The parser works correctly.
 
I also tried k at various other values. When it is set at a value of 10, I get the following message:
 
ANTLR Parser Generator Version 3.0.1 (August 13, 2007) 1989-2007
warning(205): DFABug.g:37:2: ANTLR could not analyze this decision in rule statement; often this is because of recursive rule references visible from the left edge of alternatives. ANTLR will re-analyze the decision with a fixed lookahead of k=1. Consider using "options {k=1;}" for that decision and possibly adding a syntactic predicate.
 
The warning message isn't really applicable, as the rule is not recursive and already has a syntactic predicate.
 
Is this normal behavior? I.e. when using syntactic predicates, is it normal to have to give "k" a small finite value to get the lookahead to work properly, rather than simply to enhance efficiency?

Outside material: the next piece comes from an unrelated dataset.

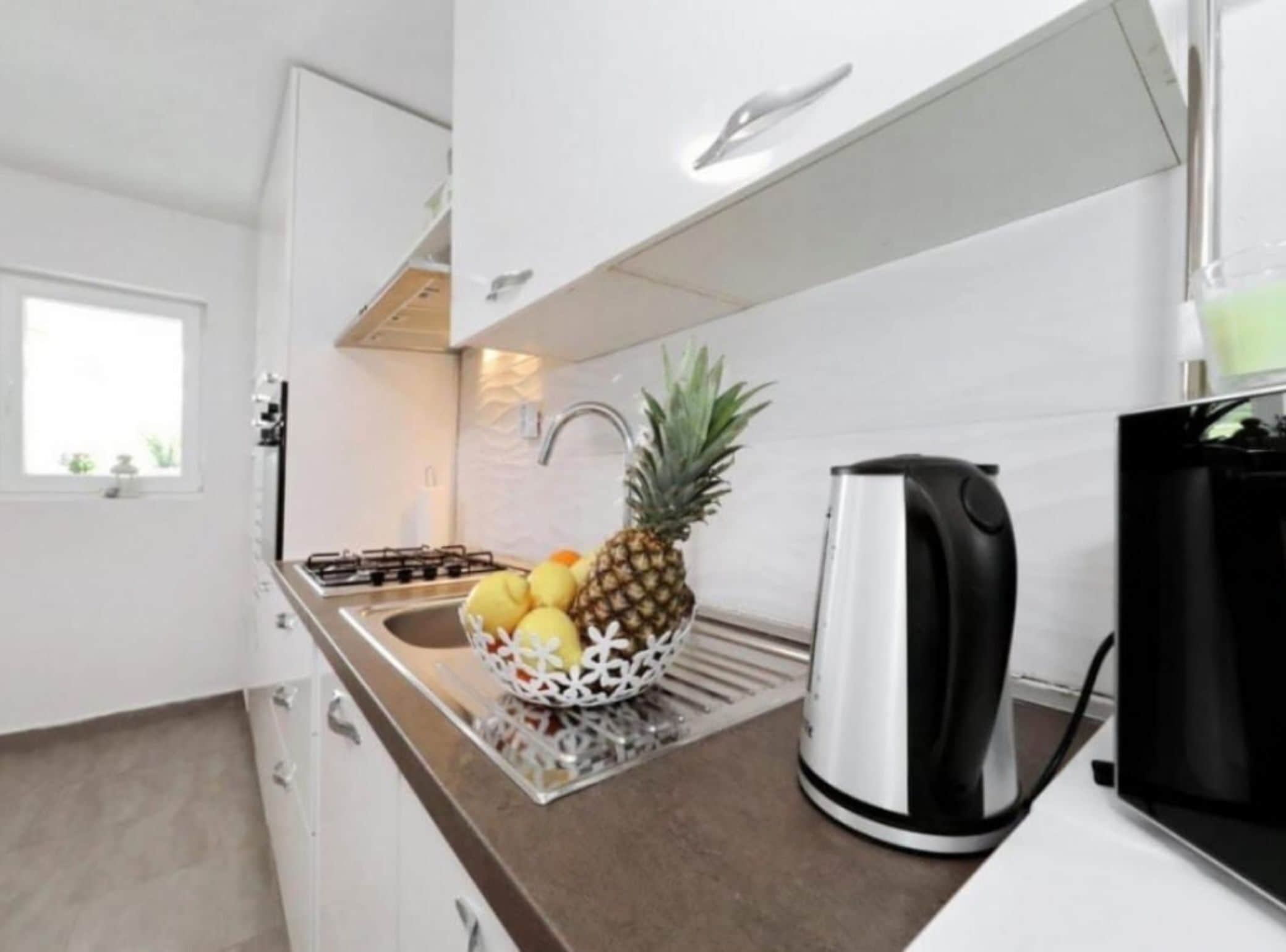 Apartment (First Floor) | Eigene Küche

TJP: I get no errors emitted from 3.1 (vs 3.0.1) and yet I get the bad DFA for decision 8. (I will try to attach the DFA view).
 

Terence Parr - 11/Dec/07 02:49 PM
Actually, this grammar is smaller and gives same problem.

parser grammar T;

statement
    : (reference ASSIGN)=> reference ASSIGN expr
    | expr
    ;

expr: reference
    | INT
    | FLOAT
    ;

reference
    : ID L argument_list R
    ;

argument_list
    : expr COMMA expr
    ;

No stop state for alt 1. That's the first issue. Then there is issue of no error message!

Terence Parr - 13/Dec/07 11:27 AM
Another grammar that fails:

grammar E;

a : e X
  | e Y
  ;

e : L e R
  | I
  ;

The DFA has 2 dangling states s2 s4 for I and LI input.

Terence Parr - 14/Dec/07 01:23 PM
ANTLR detected but failed to announce the error as it thought it would retry with k=1. It just didn't. ;) Did lots of clean up. See changes for December 13-14, 2007.